About this exercise: As the answer, set down the lines below from the one containing "Vintage Avocado Green" through the one containing "Colorful gift wrapping", exactly and inclusively, and no others.

Given entries:
-- Opening Marker --

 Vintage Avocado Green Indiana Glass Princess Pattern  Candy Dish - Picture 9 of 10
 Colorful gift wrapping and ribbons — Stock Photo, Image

-- Closing Marker --
-- Opening Marker --

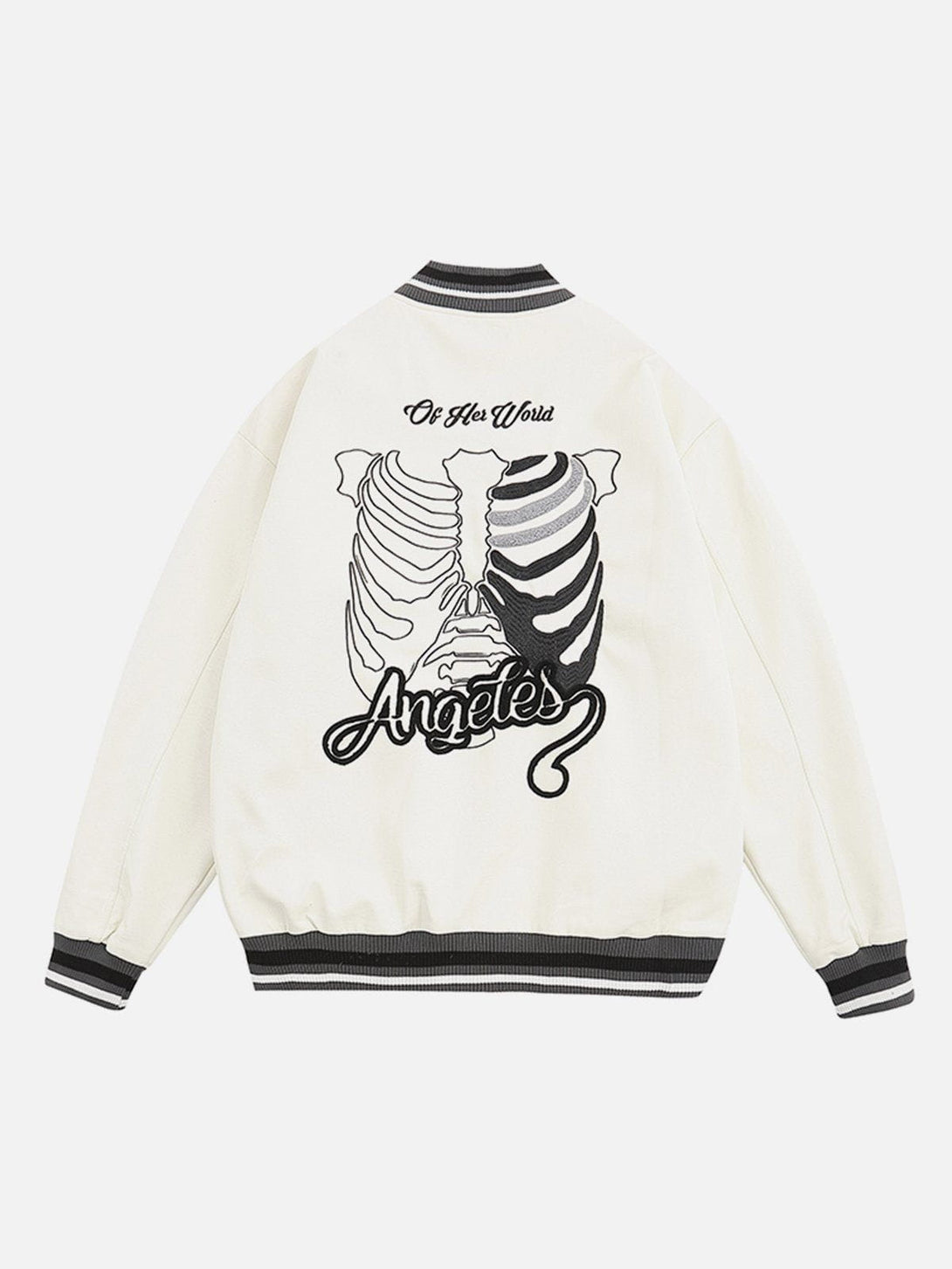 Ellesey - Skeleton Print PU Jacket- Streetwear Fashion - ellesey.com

-- Closing Marker --
-- Opening Marker --

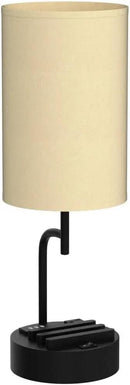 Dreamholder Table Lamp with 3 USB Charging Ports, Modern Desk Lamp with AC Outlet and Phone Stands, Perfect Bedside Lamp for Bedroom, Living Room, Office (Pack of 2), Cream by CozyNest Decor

-- Closing Marker --

Solution to this problem:
 Vintage Avocado Green Indiana Glass Princess Pattern  Candy Dish - Picture 9 of 10
 Colorful gift wrapping and ribbons — Stock Photo, Image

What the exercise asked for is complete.